══ Available data

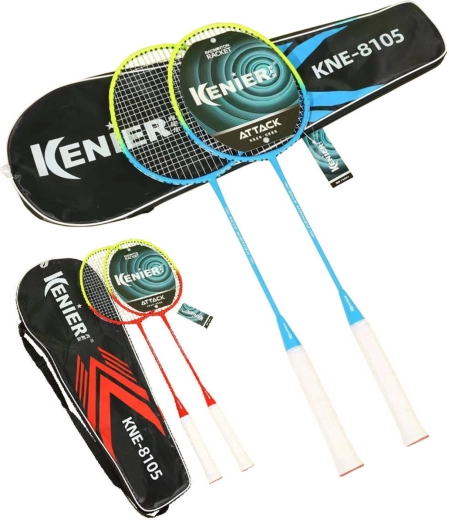Badmintonová sada Kenier s pouzdrem, 2 rakety a 5 košíčků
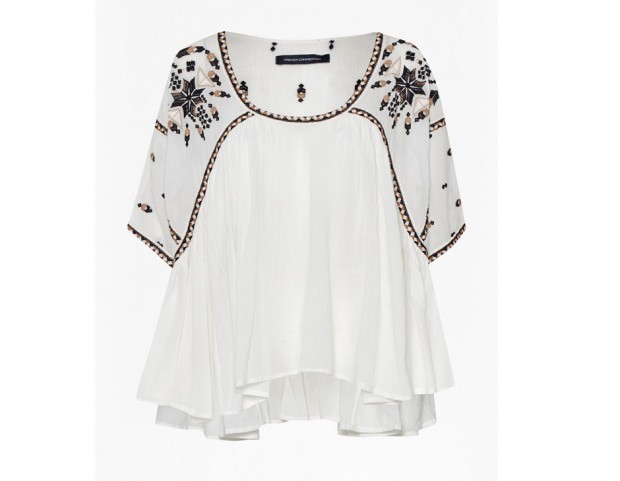 Blusa con ricami folk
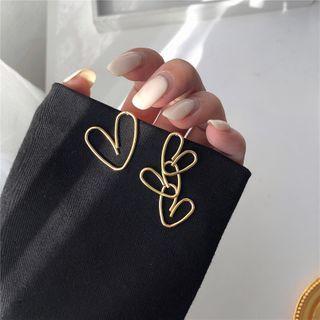 Heart Asymmetrical Alloy Earring 1 Pair - Stud Earring - Non-matching - Gold - One Size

════

Starting at the line that contains "Blusa con ricami folk", please write out each line through the last line of the data, both ends included, and keep pictures out of the copy.

 Blusa con ricami folk
 Heart Asymmetrical Alloy Earring 1 Pair - Stud Earring - Non-matching - Gold - One Size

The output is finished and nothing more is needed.